DATA FOR REVIEW:
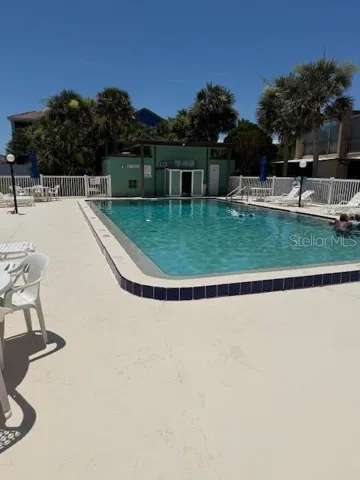 Community pool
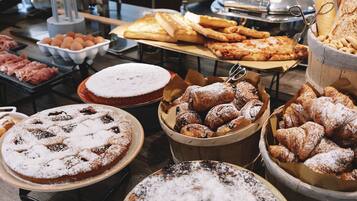 Daily buffet breakfast for a fee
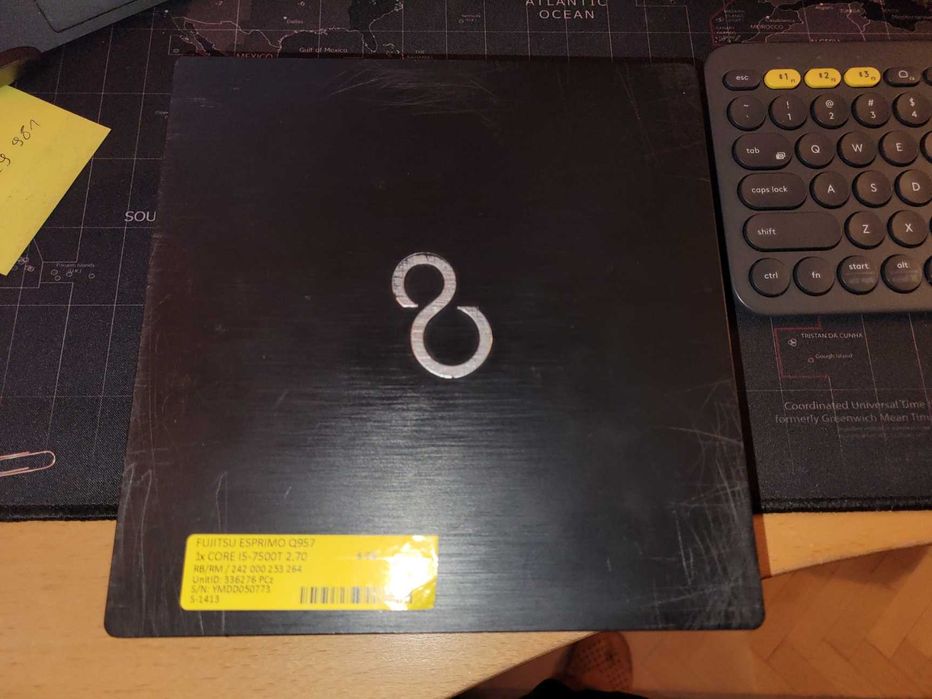 fujitsu esprimo q957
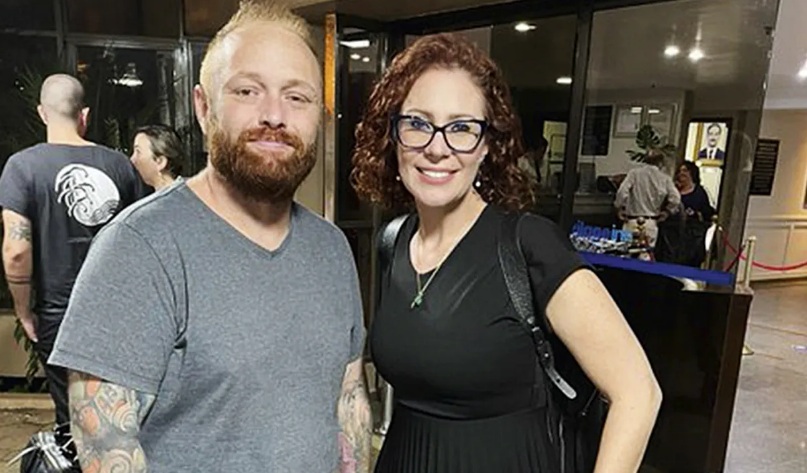 Polícia Federal adia depoimento de Carla Zambelli sobre ligação com hacker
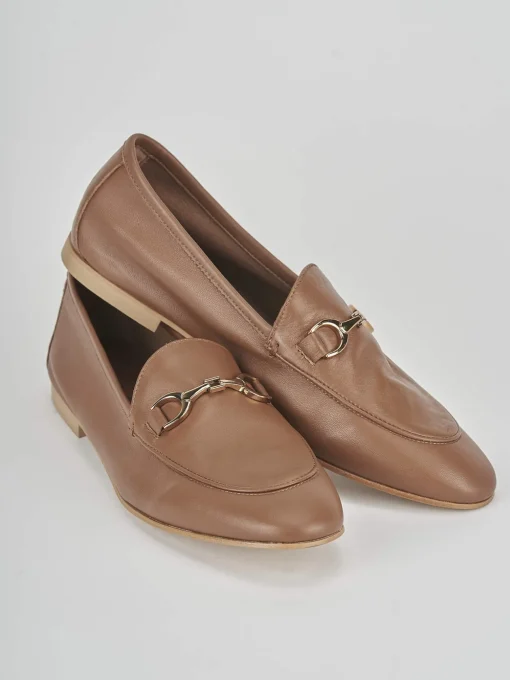 Mocassino tacco 1 cm marrone pelle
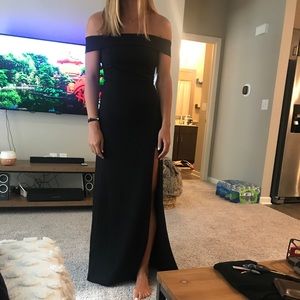 Windsor Store Long Black Evening Dress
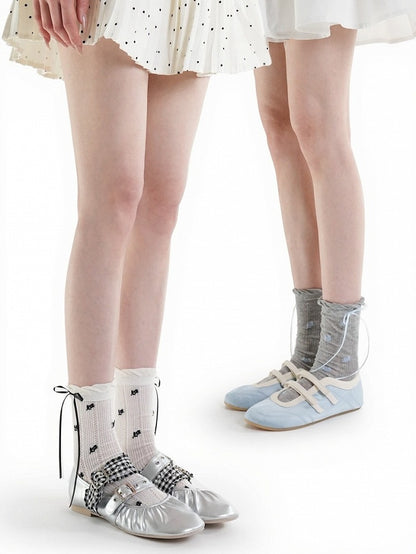 Ruffle Lace Ankle Socks with Floral Pattern in 3 Colors - ModaSwings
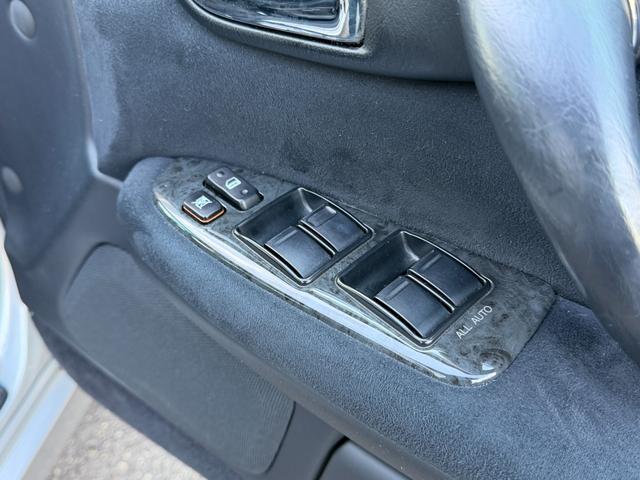 クラウンエステート アスリート　ユーザー買取車両　純正マルチ　スーパーライブサウンド　ＥＴＣ　前後ドライブレコーダー　純正ＨＩＤ　純正１６インチアルミホイール　クルーズコントロール　ＭＤ／カセット／ＤＶＤ　後期　禁煙車（45枚目）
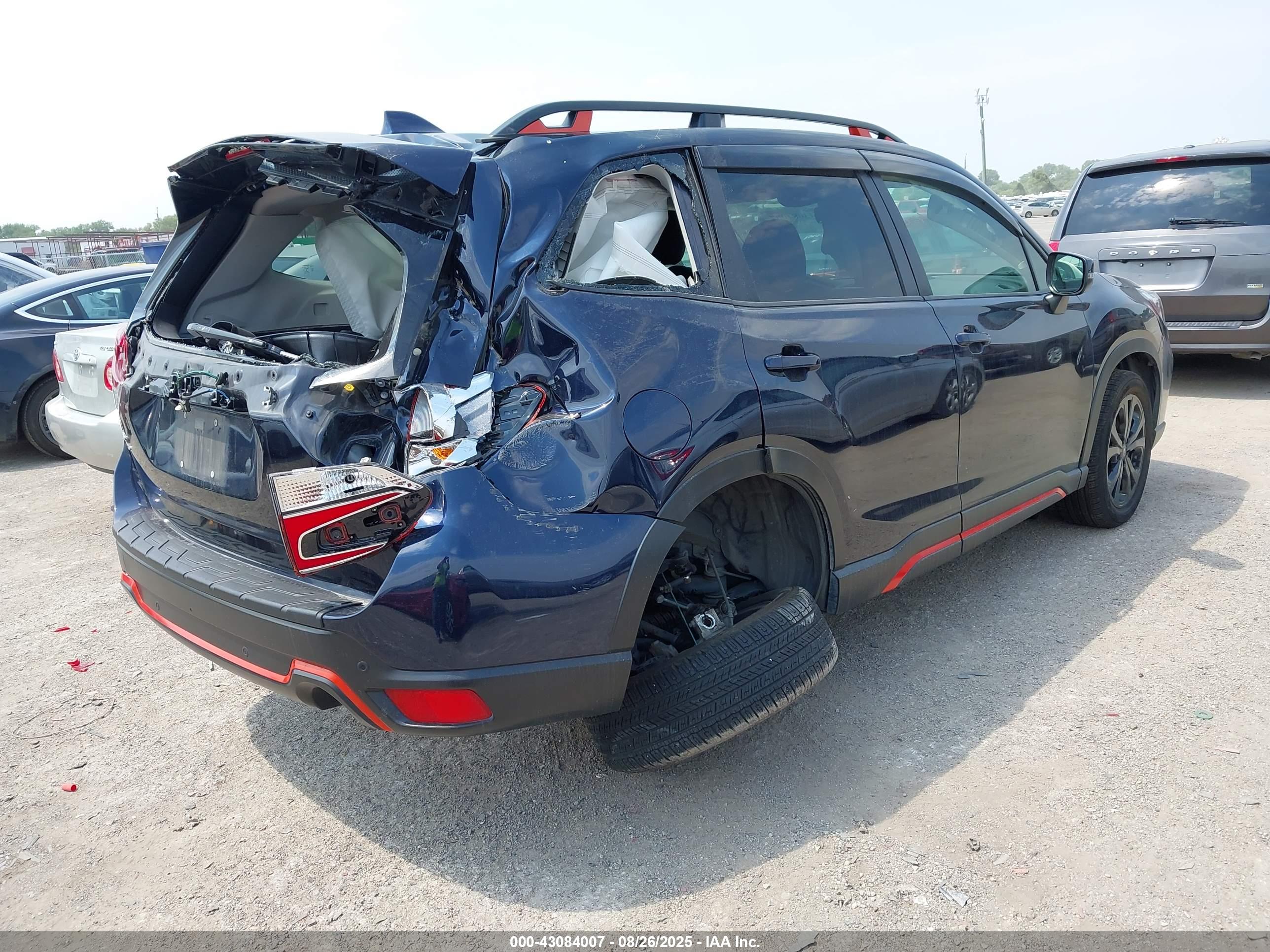 SUBARU FORESTER image 4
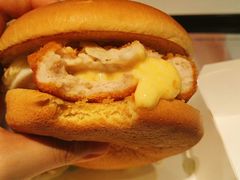 爆浆芝士鸡排汉堡-麦当劳(杭州西湖银泰百货店)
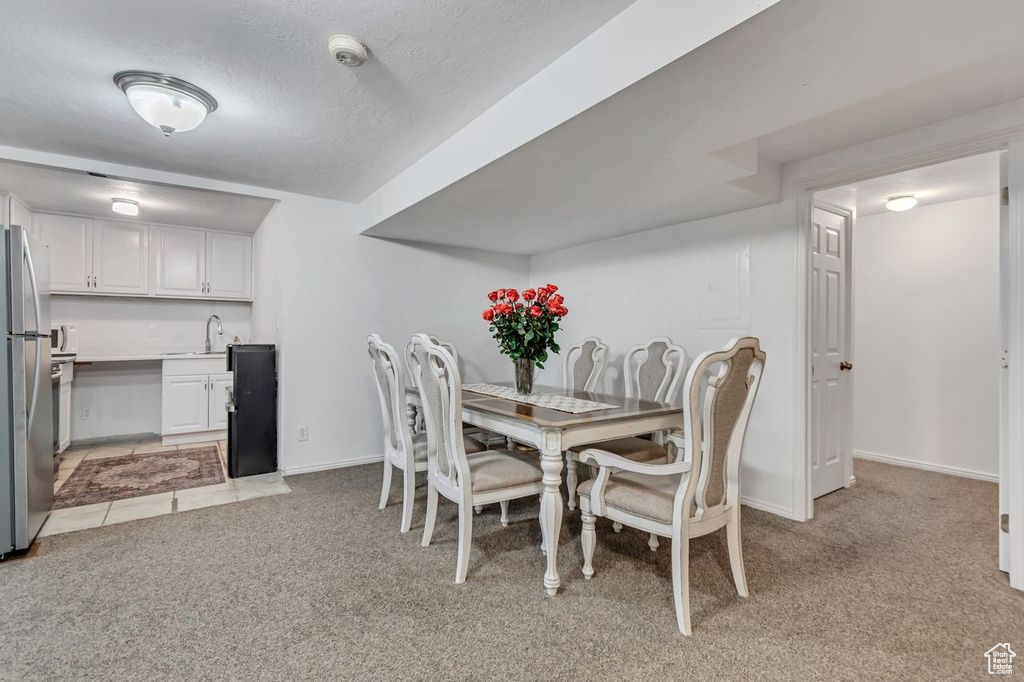 1528 E BUTTERCUP DR Sandy, UT 84092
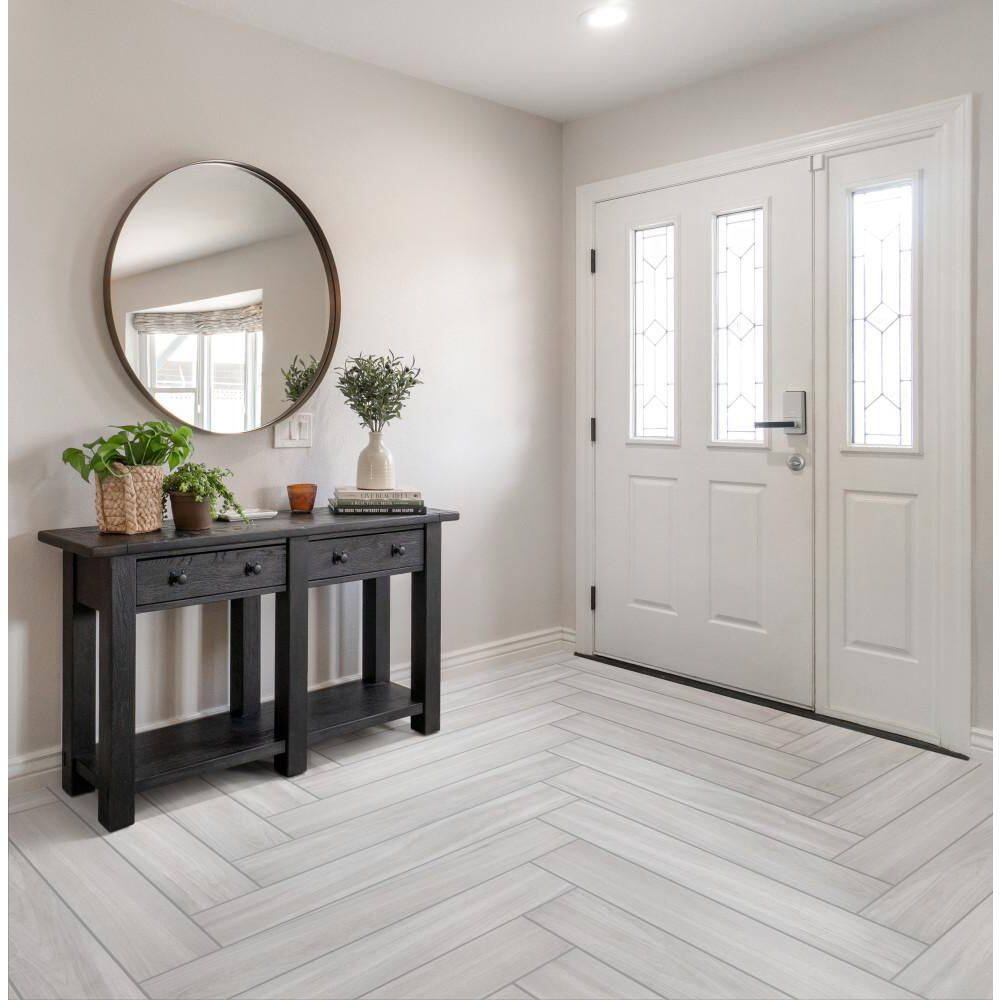 Merola Tile Mt Royale Grey 6 in. x 35-1/2 in. Porcelain Floor and Wall Tile (13.68 sq. ft./Case)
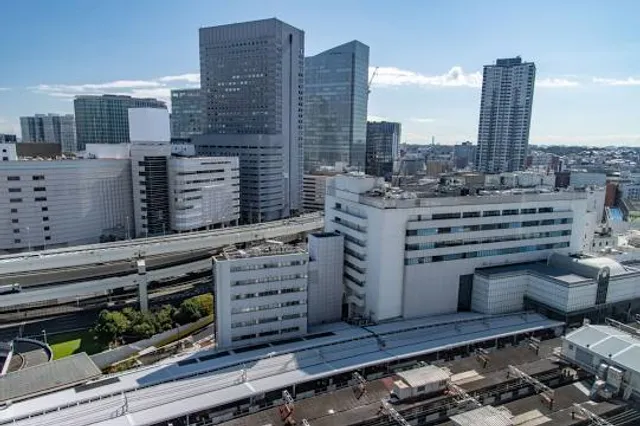 JR Yokohama Tower Roof Top Garden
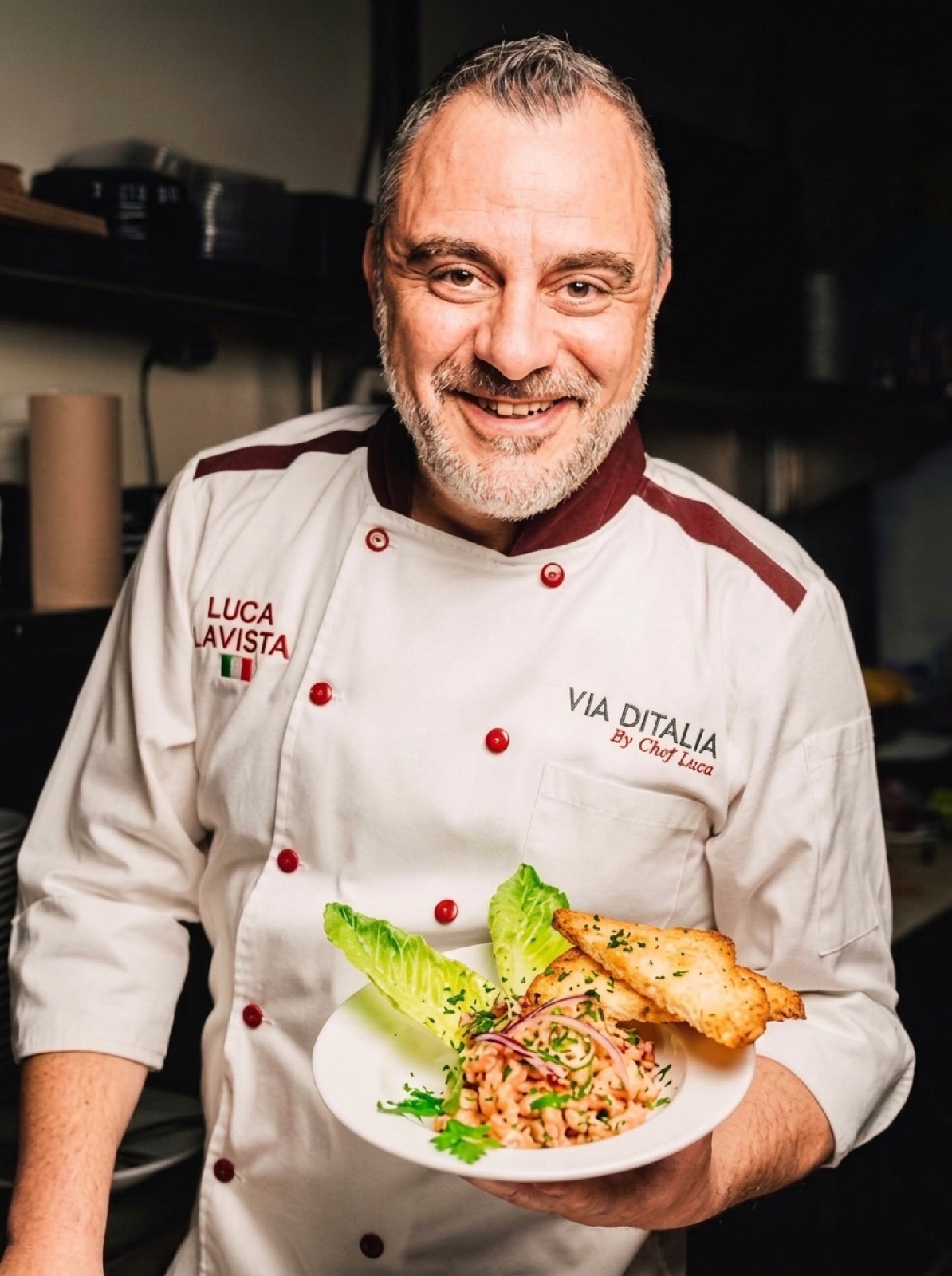 Chef Luca Lavista de Via Ditalia presentando un platillo en la cocina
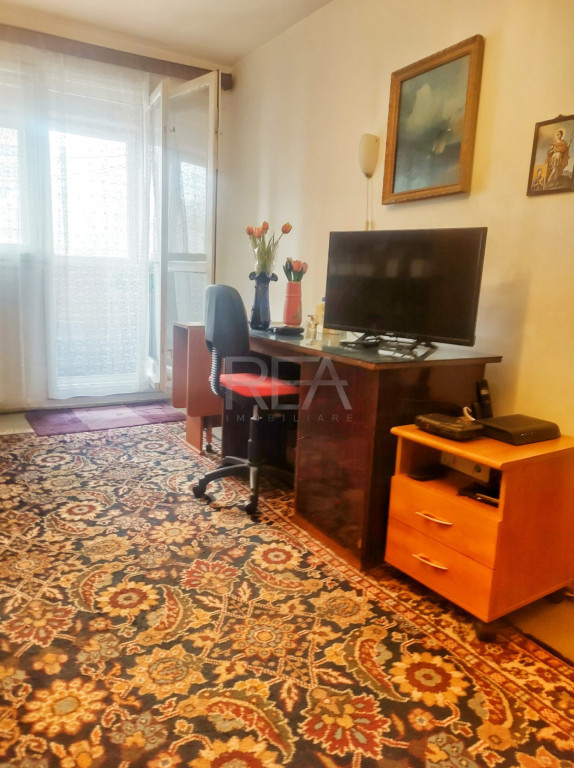 2 camere Sălăjan decomandat, et. 2, metrou, 53 mp, reabili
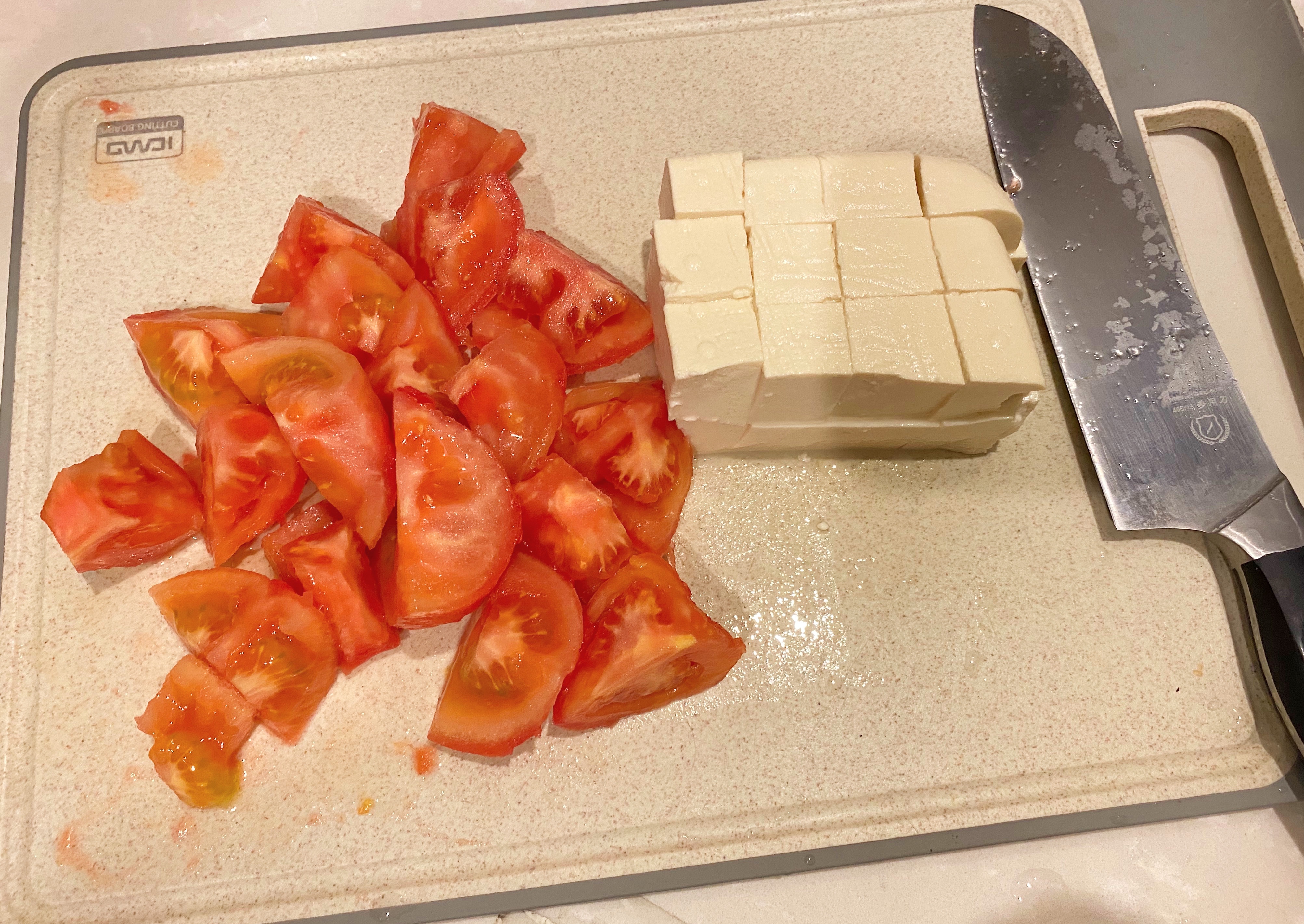 🍅番茄虾滑豆腐汤的做法 步骤3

WORK INSTRUCTION: Print the records again exactly, pictures excluded.

WRITTEN ANSWER:
 Community pool
 Daily buffet breakfast for a fee
 fujitsu esprimo q957
 Polícia Federal adia depoimento de Carla Zambelli sobre ligação com hacker
 Mocassino tacco 1 cm marrone pelle
 Windsor Store Long Black Evening Dress
 Ruffle Lace Ankle Socks with Floral Pattern in 3 Colors - ModaSwings
 クラウンエステート アスリート　ユーザー買取車両　純正マルチ　スーパーライブサウンド　ＥＴＣ　前後ドライブレコーダー　純正ＨＩＤ　純正１６インチアルミホイール　クルーズコントロール　ＭＤ／カセット／ＤＶＤ　後期　禁煙車（45枚目）
 SUBARU FORESTER image 4
 爆浆芝士鸡排汉堡-麦当劳(杭州西湖银泰百货店)
 1528 E BUTTERCUP DR Sandy, UT 84092
 Merola Tile Mt Royale Grey 6 in. x 35-1/2 in. Porcelain Floor and Wall Tile (13.68 sq. ft./Case)
 JR Yokohama Tower Roof Top Garden
 Chef Luca Lavista de Via Ditalia presentando un platillo en la cocina
 2 camere Sălăjan decomandat, et. 2, metrou, 53 mp, reabili
 🍅番茄虾滑豆腐汤的做法 步骤3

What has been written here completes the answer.